Se diría, en fin, que Gonzalo Hernández de Oviedo creyó haber llegado a la mismísima Sodoma, ya que su descripción del Nuevo Mundo no difiere mucho de la ciudad bíblica, «aquella tierra sucia y culpada del pecado nefando contra natura, e idólatras».
Llama la atención el modo en que se escandalizaron los españoles ante la desnudez de los habitantes del Nuevo Mundo. Tal vez este punto sea el más comentado por todos los adelantados, viajeros y cronistas europeos. El clérigo Francisco López de Gomara en su Historia de Indias anotó: «Andar la mujer desnuda convida e incita los hombres presto, y mucho usar aquel aborrecible pecado hace a ellas malas». Tales afirmaciones sorprenden, sobre todo, si se considera que, por entonces, los muros del mismísimo Vaticano estaban siendo decorados con frescos que mostraban cuerpos íntegramente desnudos. El enigma se despeja a continuación del punto, ya que las notas continúan así: «Hay mucho oro (…)». Otra vez, con matemática precisión, se comprende claramente cuál era el propósito de estos dichos y qué había detrás del piadoso espíritu misionero.
Pero acaso quien más sorprenda con sus descripciones puritanas sobre la desnudez de los habitantes del Nuevo Mundo sea Americo Vespucci:
Ellos no tienen barba alguna, ni visten ningún traje, así los hombres como las mujeres, que salieron del vientre de su madre, así van, que no se cubren vergüenza ninguna.
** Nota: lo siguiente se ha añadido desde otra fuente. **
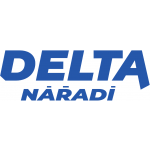 DELTA nářadí – logo společnosti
Tal vez el Renacimiento deba su nombre a la pintura más emblemática de aquella época: El Nacimiento de Venus, de Botticelli. En su mismo título están los dos elementos que, sintetizados en uno, dieron muerte a la Edad Media: el renacer de la Antigüedad. Ahora bien, he aquí lo interesante del caso: ¿quién era la Venus que retrató Botticelli? Simonetta Vespucci. La hermosísima Simonetta no sólo mostraba su cuerpo enteramente desnudo al mundo, sino que, en su incierto afán de cubrir un poco sus partes, se acariciaba los senos con una mano y el pubis con la otra. Resulta llamativo que quien otorgara su nombre al nuevo continente se espantara de la desnudez de sus habitantes cuando la mujer de su primo Marco Vespucci se había convertido en el símbolo de la nueva sexualidad y aparecía en los lienzos de Botticcelli, para decirlo con las mismas palabras de Americo, sin cubrir «vergüenza ninguna».